Gift cards are definitely better than they used to be. New regulations have eliminated some fees, so you can't be charged if you don't use the card within the first year. And cards can't expire for five years.
But even with new protections, there are still drawbacks. The new rules only apply to merchant and bank-issued cards. So if you have a reloadable card or any card not marketed as a gift card, you'll want to pay close attention to those terms.
Bank-issued cards are convenient because you can use them almost anywhere, but they come with fees. The Visa Gift Card from U.S. Bank costs $3.95 if you get it from a branch or $6.95 if you buy it online. And after 12 months you're charged a $2.50 inactivity fee if you don't use it.
Even charity gift cards come with fees. Consumer Reports found one that charged a $4.95 transaction fee, and it charged 3 percent to transfer the funds.
But if a gift card is still the way you want to go, retail store cards usually have little or no fees. You just want to make sure the person you are buying for likes to shop in the store.

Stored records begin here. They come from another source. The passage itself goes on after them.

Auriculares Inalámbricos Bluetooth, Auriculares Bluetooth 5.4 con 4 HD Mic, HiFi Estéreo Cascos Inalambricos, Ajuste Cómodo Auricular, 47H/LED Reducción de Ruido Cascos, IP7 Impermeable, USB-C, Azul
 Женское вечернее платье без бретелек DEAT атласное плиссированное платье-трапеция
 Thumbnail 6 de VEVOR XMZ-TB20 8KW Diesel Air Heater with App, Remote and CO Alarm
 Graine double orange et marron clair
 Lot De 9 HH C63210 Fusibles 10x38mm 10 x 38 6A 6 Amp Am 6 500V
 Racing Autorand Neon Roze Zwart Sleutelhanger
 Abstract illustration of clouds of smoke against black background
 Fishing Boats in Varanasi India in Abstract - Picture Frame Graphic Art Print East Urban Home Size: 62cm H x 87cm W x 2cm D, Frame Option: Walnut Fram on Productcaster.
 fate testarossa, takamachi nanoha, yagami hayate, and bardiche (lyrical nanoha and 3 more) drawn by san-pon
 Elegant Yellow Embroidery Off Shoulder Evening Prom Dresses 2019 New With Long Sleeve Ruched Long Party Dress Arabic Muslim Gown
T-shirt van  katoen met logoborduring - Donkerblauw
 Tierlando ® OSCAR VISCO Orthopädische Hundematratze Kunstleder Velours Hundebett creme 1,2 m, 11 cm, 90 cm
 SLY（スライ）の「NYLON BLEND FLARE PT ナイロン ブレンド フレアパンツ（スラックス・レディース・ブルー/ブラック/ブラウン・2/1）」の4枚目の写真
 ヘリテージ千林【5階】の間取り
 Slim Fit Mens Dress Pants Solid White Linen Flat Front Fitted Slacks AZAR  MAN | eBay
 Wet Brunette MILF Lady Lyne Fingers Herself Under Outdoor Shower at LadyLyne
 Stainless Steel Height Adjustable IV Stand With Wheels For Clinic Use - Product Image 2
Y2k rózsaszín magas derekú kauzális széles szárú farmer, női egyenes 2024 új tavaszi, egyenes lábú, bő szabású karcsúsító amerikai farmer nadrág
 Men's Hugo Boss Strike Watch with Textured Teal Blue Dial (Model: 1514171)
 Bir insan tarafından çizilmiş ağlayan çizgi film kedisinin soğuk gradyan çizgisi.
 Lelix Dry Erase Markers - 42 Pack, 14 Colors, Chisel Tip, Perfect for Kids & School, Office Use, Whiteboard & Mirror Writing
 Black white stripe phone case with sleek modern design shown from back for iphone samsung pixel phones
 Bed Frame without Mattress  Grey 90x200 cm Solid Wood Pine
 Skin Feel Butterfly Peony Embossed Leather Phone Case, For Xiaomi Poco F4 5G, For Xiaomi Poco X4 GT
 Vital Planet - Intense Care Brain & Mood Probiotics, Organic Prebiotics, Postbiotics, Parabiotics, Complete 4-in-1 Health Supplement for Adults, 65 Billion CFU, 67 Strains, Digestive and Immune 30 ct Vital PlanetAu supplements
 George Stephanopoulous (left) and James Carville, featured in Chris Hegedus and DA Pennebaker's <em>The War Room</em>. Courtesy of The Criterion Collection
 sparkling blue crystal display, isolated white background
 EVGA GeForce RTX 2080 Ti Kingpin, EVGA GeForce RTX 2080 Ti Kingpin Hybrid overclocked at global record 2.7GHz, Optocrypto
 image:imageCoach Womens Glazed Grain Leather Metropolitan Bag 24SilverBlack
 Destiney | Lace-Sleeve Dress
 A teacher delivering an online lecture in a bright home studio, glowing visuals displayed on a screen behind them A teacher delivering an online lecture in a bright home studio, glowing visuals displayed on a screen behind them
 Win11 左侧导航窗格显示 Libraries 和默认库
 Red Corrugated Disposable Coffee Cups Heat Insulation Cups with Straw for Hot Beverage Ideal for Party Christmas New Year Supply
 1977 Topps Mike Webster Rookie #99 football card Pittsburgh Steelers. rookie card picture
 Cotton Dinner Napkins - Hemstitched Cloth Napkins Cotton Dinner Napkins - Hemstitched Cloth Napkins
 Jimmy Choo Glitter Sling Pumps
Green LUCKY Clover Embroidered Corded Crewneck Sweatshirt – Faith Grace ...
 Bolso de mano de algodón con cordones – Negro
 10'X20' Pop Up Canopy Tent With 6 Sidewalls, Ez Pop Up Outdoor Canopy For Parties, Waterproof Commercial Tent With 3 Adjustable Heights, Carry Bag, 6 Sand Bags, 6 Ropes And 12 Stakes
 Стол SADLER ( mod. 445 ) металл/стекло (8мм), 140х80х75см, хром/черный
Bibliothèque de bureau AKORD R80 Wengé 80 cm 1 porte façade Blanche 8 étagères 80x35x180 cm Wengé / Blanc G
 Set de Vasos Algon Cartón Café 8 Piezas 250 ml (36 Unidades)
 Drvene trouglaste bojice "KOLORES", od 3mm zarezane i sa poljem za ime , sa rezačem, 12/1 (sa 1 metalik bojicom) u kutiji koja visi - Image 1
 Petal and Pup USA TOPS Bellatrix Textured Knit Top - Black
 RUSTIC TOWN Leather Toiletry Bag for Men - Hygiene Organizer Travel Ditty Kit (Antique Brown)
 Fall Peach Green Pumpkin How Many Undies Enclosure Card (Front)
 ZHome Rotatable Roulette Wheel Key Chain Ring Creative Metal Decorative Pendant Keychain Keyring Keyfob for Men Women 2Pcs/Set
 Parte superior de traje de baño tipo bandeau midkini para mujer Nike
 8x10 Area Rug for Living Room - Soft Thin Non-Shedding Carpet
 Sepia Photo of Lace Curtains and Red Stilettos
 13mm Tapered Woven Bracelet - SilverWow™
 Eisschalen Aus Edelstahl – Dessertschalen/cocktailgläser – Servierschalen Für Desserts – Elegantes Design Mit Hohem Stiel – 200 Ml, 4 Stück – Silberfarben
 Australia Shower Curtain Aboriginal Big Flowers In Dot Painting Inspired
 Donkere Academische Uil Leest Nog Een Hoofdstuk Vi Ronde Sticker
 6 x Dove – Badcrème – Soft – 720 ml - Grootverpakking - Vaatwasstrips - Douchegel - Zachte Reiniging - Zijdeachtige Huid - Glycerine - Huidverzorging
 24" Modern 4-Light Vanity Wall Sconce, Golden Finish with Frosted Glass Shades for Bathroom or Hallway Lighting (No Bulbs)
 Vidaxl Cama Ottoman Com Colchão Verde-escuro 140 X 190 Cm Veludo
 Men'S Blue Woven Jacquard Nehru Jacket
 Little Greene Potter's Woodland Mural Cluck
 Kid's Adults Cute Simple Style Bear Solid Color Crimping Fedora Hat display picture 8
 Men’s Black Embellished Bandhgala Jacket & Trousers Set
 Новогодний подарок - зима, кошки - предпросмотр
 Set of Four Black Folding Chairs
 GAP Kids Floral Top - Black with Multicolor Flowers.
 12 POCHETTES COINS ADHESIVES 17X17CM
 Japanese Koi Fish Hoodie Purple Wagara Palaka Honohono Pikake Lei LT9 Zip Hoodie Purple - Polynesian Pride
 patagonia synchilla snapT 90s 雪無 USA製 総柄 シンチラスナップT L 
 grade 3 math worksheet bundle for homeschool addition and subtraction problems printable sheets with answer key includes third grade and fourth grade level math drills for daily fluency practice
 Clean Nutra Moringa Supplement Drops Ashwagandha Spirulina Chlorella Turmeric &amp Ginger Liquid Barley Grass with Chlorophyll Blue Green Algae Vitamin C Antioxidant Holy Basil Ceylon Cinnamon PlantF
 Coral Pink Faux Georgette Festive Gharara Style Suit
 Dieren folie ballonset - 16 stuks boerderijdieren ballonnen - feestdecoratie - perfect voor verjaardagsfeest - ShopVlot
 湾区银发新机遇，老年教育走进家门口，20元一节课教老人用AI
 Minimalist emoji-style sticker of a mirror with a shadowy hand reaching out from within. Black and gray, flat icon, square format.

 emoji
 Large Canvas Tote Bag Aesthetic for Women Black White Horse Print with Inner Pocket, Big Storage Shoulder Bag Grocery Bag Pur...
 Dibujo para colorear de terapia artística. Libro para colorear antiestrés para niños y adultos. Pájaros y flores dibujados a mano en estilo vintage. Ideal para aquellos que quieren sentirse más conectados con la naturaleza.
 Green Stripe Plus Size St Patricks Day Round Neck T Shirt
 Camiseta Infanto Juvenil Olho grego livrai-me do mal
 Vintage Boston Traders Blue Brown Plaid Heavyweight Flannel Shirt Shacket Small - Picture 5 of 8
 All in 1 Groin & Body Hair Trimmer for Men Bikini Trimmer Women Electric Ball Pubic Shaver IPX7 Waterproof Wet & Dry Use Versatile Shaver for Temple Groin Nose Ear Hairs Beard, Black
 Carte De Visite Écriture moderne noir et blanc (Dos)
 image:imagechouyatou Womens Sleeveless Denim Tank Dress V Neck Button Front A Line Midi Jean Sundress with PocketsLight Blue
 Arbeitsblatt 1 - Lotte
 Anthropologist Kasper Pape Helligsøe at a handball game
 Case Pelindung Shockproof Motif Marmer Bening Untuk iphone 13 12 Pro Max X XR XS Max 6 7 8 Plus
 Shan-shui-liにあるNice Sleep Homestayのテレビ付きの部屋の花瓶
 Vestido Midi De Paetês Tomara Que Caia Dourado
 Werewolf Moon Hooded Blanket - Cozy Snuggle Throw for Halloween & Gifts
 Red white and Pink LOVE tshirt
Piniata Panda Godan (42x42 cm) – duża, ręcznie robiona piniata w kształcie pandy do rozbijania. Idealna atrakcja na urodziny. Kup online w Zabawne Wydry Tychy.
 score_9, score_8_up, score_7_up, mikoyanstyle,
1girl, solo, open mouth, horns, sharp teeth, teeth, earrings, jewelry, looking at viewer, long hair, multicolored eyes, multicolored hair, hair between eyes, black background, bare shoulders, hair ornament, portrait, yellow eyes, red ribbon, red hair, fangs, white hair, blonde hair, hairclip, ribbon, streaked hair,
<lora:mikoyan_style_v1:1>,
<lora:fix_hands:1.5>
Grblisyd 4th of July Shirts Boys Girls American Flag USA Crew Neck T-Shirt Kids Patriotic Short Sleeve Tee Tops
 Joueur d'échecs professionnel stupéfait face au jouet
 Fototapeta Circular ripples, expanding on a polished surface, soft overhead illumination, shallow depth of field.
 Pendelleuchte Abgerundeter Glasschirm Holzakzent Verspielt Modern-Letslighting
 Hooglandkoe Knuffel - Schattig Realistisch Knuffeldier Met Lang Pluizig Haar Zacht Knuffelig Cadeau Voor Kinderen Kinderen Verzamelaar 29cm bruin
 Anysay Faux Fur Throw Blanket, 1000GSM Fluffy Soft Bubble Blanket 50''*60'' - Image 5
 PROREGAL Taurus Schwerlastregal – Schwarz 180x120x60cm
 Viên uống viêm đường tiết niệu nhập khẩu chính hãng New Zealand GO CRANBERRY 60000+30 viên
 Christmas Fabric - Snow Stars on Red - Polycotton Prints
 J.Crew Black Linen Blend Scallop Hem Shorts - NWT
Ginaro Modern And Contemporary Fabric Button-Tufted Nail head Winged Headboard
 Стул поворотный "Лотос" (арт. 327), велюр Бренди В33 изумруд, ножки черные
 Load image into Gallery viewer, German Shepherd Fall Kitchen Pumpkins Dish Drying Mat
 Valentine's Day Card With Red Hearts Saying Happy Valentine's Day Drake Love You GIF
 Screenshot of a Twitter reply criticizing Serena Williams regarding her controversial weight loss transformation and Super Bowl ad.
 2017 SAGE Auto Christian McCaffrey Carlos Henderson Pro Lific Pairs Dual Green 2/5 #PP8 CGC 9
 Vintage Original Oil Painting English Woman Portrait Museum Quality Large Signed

Consumer Reports says when you give a card, add a copy of the terms and policies and the receipt, which is often needed if the card is lost or stolen.
But better yet, why not give cash or a check? That way people can shop wherever they want, whenever they want, no strings attached.
If you receive a gift card, Consumer Reports advises you to check out the terms. Check whether you have to register it in case it's lost or stolen. And Consumer Reports says put it right in your wallet instead of a desk drawer, so it's handy. And last but not least, spend it as soon as possible, especially these days. You don't want to be holding a gift card for a company that goes out of business.